*Provided data*.
==================================================

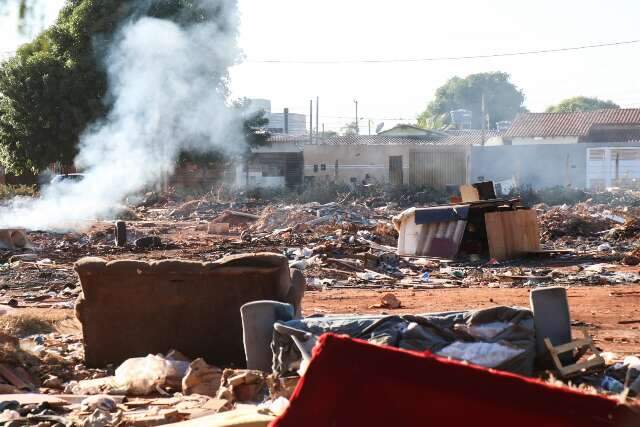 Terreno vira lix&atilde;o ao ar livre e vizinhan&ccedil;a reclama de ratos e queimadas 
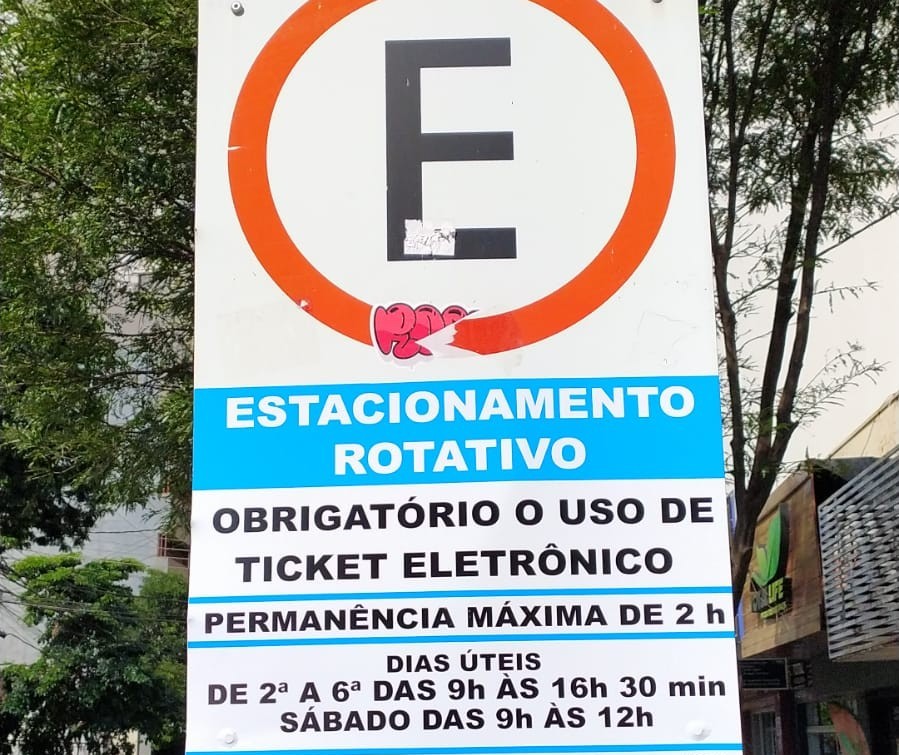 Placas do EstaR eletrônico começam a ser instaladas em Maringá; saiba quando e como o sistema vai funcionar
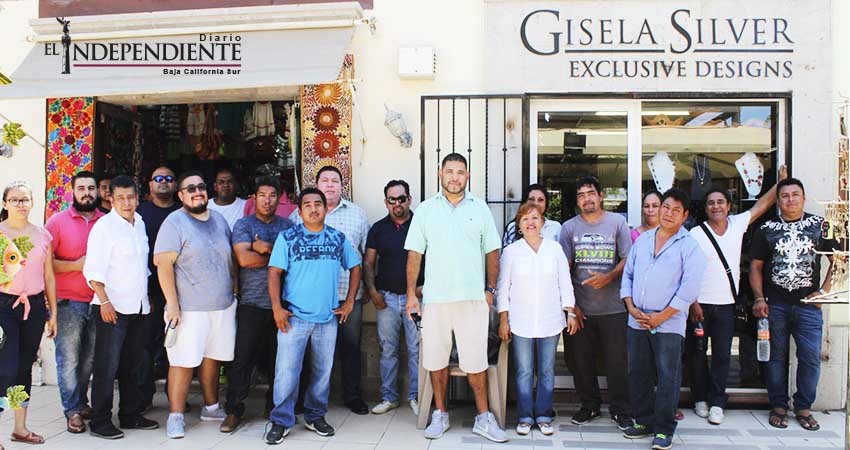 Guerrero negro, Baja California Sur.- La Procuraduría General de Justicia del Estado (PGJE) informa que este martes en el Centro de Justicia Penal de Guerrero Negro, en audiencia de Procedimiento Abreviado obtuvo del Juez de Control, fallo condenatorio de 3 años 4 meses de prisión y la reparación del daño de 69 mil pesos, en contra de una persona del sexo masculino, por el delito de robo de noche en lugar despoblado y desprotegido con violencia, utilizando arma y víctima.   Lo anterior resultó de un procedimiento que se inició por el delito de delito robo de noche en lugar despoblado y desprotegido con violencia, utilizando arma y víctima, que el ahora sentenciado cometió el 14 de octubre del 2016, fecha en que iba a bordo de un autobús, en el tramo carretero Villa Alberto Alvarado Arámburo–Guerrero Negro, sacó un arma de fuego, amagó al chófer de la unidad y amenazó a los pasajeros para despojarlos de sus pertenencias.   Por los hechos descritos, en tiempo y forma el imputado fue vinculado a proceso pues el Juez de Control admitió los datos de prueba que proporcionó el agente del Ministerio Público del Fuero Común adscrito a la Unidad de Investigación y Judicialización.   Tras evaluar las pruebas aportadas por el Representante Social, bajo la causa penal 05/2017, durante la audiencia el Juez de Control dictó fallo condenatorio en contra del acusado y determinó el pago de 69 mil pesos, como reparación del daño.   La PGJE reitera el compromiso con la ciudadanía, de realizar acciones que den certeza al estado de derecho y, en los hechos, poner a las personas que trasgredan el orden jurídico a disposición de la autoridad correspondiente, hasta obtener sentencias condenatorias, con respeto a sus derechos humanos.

==================================================

*Work to complete*. Give back the whole listing exactly; no pictures.

*Your solution*.
 Terreno vira lix&atilde;o ao ar livre e vizinhan&ccedil;a reclama de ratos e queimadas 
 Placas do EstaR eletrônico começam a ser instaladas em Maringá; saiba quando e como o sistema vai funcionar
 Guerrero negro, Baja California Sur.- La Procuraduría General de Justicia del Estado (PGJE) informa que este martes en el Centro de Justicia Penal de Guerrero Negro, en audiencia de Procedimiento Abreviado obtuvo del Juez de Control, fallo condenatorio de 3 años 4 meses de prisión y la reparación del daño de 69 mil pesos, en contra de una persona del sexo masculino, por el delito de robo de noche en lugar despoblado y desprotegido con violencia, utilizando arma y víctima.   Lo anterior resultó de un procedimiento que se inició por el delito de delito robo de noche en lugar despoblado y desprotegido con violencia, utilizando arma y víctima, que el ahora sentenciado cometió el 14 de octubre del 2016, fecha en que iba a bordo de un autobús, en el tramo carretero Villa Alberto Alvarado Arámburo–Guerrero Negro, sacó un arma de fuego, amagó al chófer de la unidad y amenazó a los pasajeros para despojarlos de sus pertenencias.   Por los hechos descritos, en tiempo y forma el imputado fue vinculado a proceso pues el Juez de Control admitió los datos de prueba que proporcionó el agente del Ministerio Público del Fuero Común adscrito a la Unidad de Investigación y Judicialización.   Tras evaluar las pruebas aportadas por el Representante Social, bajo la causa penal 05/2017, durante la audiencia el Juez de Control dictó fallo condenatorio en contra del acusado y determinó el pago de 69 mil pesos, como reparación del daño.   La PGJE reitera el compromiso con la ciudadanía, de realizar acciones que den certeza al estado de derecho y, en los hechos, poner a las personas que trasgredan el orden jurídico a disposición de la autoridad correspondiente, hasta obtener sentencias condenatorias, con respeto a sus derechos humanos.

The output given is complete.